Ein Lob auf die Bürokratie
Beamte haben es in Deutschland schwer, es gibt etliche Witze über sie. In der Flüchtlingskrise scheint sich das zu wandeln, selbst die FDP fordert die Einstellung von mehr Beamten. Der Wirtschaftsjournalist Ralph Bollmann erklärt uns die Gründe.
Jahrelang ging es der Bundespolitik darum, Bürokratie abzubauen. Es schien, als gäbe es zu viele Beamten für Arbeit, die überflüssig zu sein schien. Das Schlagwort hieß "Bürokratieabbau". Doch seitdem hunderttausende Flüchtlinge nach Deutschland kommen, scheint sich etwas zu verändern: Vom Bundesamt für Migration über das Berliner LaGeSo, von der Bundespolizei bis zu Lehrern – überall werden mehr Staatsangestellte und Beamte gefordert. Selbst FDP-Chef Lindner forderte kürzlich mehr Neueinstellungen.
Verändert sich das Beamtenbild der Deutschen gerade? Anlässlich der Jahrestagung des Beamtenbundes haben wir mit Ralph Bollmann, dem Berlin-Korrepondenten der "Frankfurter Allgemeinen Sonntagszeitung", gesprochen.
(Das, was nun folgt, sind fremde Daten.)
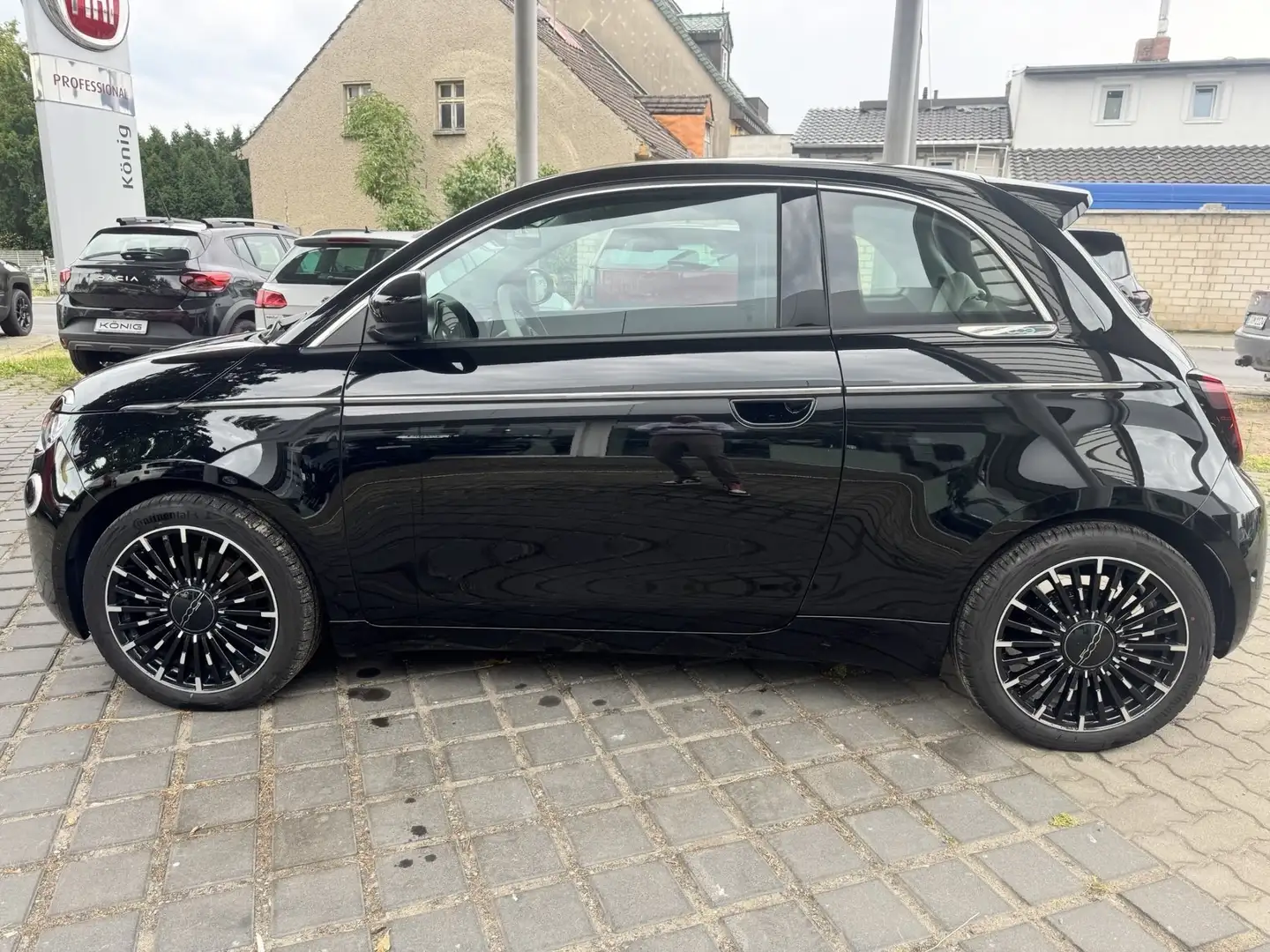 Fiat 500e La Prima by Bocelli Schwarz - 2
Das Interview im Wortlaut:
Nana Brink: Kennen Sie den: Wie geht ein Beamtenmikado? Wer sich zuerst bewegt, hat verloren. Beamte haben in Deutschland traditionell einen schweren Stand – Beamtenwitze gibt es ja wie Sand am Meer, zudem standen ja jahrzehntelang Schlagworte wie Bürokratieabbau oder Staatsquote auf der politischen Agenda, doch seitdem zehntausende Flüchtlinge nach Deutschland kommen, scheint sich doch etwas zu ändern. Vom Bundesamt für Migration und Flüchtlinge bis zum viel gescholtenen Berliner Lageso – also Landesamt für Gesundheit und Soziales –, von der Bundespolizei bis zu Lehrern: Überall werden plötzlich Staatsangestellte und Beamte gefordert, auch auf der Jahrestagung des Deutschen Beamtenbundes gerade in Köln.
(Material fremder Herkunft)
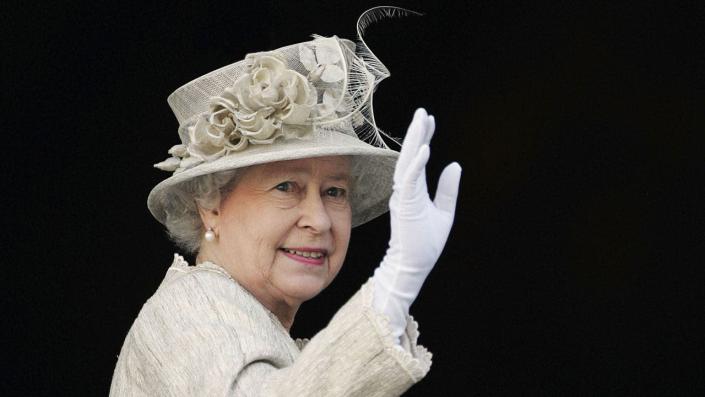 Queen Elizabeth arrives at St. Paul's Cathedral for a service of thanksgiving held in honor of her 80th birthday, June 15, 2006, in London. <span class="copyright">Tim Graham Photo Library</span>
Ralph Bollmann, Berlinkorrespondent für die Wirtschaftspolitik der "Frankfurter Allgemeinen Zeitung" hat sich schon länger mit dem Beamtentum beschäftigt, 2012 sogar ein "Lob der Bürokratie" verfasst. Ich habe mit ihm gesprochen und ihn gefragt, ob ihm denn jetzt die jüngste Geschichte recht gibt?
Ralph Bollmann: Ein Stück weit schon, glaube ich. Der Witz, den Sie gerade zitiert haben, dass sich Beamte nicht bewegen, das gehört ja in einem gewissen Umfang zu ihrem Job.
Ich darf vielleicht erinnern an die klassische Definition, die der Soziologe Max Weber gegeben hat für Bürokratie, nämlich Bürokratie ist die Ausübung von Geschäften nach allgemeinen angebbaren Prinzipien, das heißt auch mit klaren Kompetenzen und mit der Möglichkeit des Rechtswegs und der Berufung, also die Abwesenheit von Willkür, und wenn sich Beamte sozusagen zu sehr nach eigenem Gusto bewegen, das machen, was sie wollen und von Verfahren abweichen – das merkt man ja jetzt auch zum Beispiel in der Diskussion um das Bundesamt für Migration und Flüchtlinge –, dann gibt es eben am Ende ein Problem.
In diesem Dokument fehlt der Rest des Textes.